Halloween is currently observed on October 31st every year, which could fall on any day of the week. There are several drawbacks to this current date when it falls on a Sunday-Thursday night. Families with young children have to take the kids trick-or-treating past their bedtime on a school night. Our educators struggle to reach our children when they return to school the next morning tired and with sugar hangovers.

Many adults are not able to participate in Halloween festivities when they occur on weeknights. This means that they're not buying costumes, and not buying drinks or other party supplies. They're going to bed early in preparation for work the next morning. They're not even staying up to pass out candy to the children, making it a crummy experience for the kids.

We the people believe that Halloween needs to be observed each year on the last Saturday in October. There are many benefits to adopting this resolution. More adults will be able to attend parties with their peers without using a sick day. Children will be able to enjoy more bountiful trick-or-treating later at night and then return to school after the weekend refreshed and ready to learn.
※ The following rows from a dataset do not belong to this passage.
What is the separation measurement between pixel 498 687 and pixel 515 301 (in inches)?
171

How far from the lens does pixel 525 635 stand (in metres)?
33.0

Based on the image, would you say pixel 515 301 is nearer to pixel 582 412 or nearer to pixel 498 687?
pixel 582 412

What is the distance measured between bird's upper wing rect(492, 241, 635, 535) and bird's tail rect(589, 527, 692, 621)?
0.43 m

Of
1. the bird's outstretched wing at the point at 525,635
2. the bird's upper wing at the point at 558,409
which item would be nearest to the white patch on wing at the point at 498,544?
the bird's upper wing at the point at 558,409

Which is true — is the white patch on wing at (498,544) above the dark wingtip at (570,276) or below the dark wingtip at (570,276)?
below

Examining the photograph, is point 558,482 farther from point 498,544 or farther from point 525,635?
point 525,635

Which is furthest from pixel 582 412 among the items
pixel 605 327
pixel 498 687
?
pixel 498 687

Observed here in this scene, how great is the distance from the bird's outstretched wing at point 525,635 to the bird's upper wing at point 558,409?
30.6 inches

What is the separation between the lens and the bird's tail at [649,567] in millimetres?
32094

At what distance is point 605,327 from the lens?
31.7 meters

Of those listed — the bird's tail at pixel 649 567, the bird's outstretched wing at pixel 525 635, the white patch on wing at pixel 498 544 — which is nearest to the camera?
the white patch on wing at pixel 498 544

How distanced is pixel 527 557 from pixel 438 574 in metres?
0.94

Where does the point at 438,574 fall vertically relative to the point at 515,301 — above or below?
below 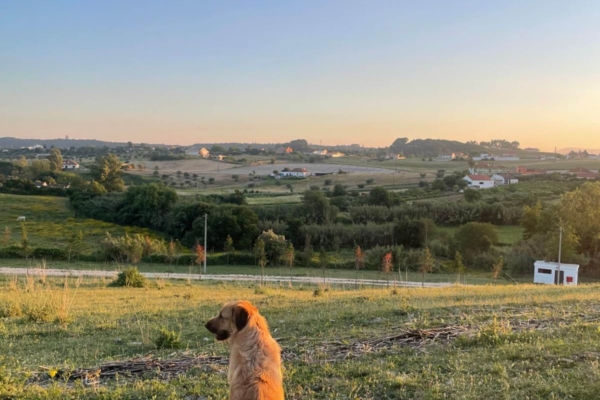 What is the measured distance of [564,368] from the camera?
5.00 meters

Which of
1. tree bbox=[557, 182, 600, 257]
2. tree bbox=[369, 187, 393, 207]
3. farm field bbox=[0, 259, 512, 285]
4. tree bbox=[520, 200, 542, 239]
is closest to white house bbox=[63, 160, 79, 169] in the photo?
tree bbox=[369, 187, 393, 207]

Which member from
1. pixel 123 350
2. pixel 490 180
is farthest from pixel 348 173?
pixel 123 350

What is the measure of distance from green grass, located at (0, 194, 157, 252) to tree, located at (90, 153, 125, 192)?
799 centimetres

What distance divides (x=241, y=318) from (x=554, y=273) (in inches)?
1324

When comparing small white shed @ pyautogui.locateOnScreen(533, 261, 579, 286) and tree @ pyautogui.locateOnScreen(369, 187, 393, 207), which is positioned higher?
tree @ pyautogui.locateOnScreen(369, 187, 393, 207)

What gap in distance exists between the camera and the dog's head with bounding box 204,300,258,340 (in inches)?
146

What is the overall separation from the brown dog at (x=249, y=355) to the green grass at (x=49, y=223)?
139 ft

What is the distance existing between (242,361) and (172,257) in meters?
35.7

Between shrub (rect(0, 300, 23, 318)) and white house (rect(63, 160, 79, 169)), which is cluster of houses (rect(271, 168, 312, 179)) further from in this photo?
shrub (rect(0, 300, 23, 318))

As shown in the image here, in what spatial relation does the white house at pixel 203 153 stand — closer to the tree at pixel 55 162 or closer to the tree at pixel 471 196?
the tree at pixel 55 162

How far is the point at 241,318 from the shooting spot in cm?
371

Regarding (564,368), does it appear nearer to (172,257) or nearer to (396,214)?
(172,257)

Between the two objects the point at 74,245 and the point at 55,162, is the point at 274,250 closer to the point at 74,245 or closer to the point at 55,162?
the point at 74,245

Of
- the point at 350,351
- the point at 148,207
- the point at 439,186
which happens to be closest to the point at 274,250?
the point at 148,207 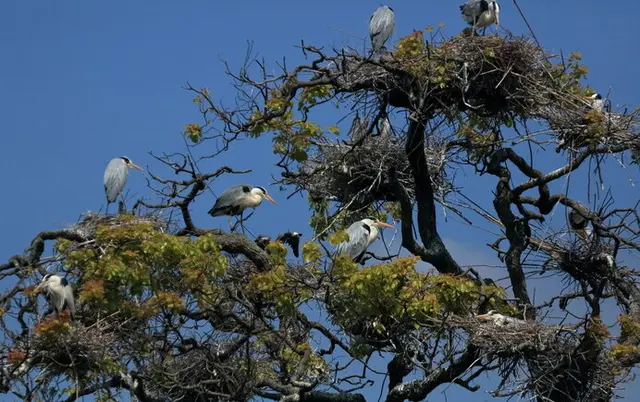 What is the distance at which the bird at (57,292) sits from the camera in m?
12.2

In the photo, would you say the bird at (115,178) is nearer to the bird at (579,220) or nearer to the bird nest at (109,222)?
the bird nest at (109,222)

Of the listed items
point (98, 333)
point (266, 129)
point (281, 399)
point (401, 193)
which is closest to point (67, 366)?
point (98, 333)

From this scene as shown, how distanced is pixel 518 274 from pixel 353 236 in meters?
1.74

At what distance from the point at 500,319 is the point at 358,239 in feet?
7.42

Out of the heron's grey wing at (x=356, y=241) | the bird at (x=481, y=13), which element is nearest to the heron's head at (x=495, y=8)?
the bird at (x=481, y=13)

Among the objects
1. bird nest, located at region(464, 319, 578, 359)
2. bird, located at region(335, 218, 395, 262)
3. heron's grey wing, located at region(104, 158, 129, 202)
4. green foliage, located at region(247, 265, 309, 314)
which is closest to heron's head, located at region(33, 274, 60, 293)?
green foliage, located at region(247, 265, 309, 314)

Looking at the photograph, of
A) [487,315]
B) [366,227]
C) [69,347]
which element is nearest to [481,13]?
[366,227]

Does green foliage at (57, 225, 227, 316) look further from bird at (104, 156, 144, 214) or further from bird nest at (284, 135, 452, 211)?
bird at (104, 156, 144, 214)

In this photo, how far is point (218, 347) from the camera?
42.8 feet

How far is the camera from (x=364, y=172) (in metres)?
15.6

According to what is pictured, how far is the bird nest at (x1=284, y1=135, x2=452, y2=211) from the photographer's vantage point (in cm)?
1562

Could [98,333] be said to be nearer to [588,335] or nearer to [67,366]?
[67,366]

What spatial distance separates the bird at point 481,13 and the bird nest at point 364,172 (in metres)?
1.40

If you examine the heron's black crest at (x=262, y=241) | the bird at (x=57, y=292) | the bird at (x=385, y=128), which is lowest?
the bird at (x=57, y=292) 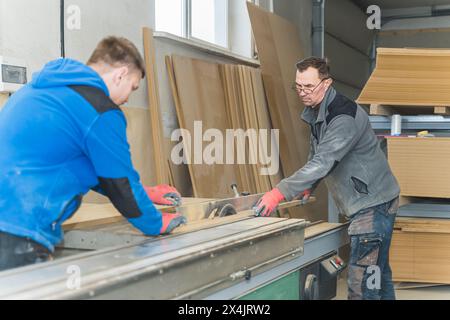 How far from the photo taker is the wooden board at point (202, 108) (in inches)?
152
The Halloween industry who earns 7 billion dollars annually could greatly increase their revenue by tripling the number of people who are able to stay out late and celebrate on Halloween.

Many holidays fall on the same day of the week each year. Thanksgiving is always on a Thursday. Presidents Day and Martin Luther King Jr. Day are celebrated on Mondays. Father's Day, Mother's Day, and Easter are always on Sundays. Holidays like New Years Day, Independence Day, and Christmas Day could occur on any day of the week, but are recognized federal holidays.

There is a precedent for changing the day on which a holiday is observed. In 1941, President Franklin D. Roosevelt signed a joint resolution of Congress changing the national Thanksgiving Day to the fourth Thursday in November. In 1968, Congress enacted the Uniform Monday Holiday Act which established the observance of Washington's Birthday, Memorial Day, and Columbus Day, and Veterans Day on Mondays instead of their original fixed dates.

Let's work together so more people can enjoy Halloween each year. Share this petition with your family and friends to get the word out.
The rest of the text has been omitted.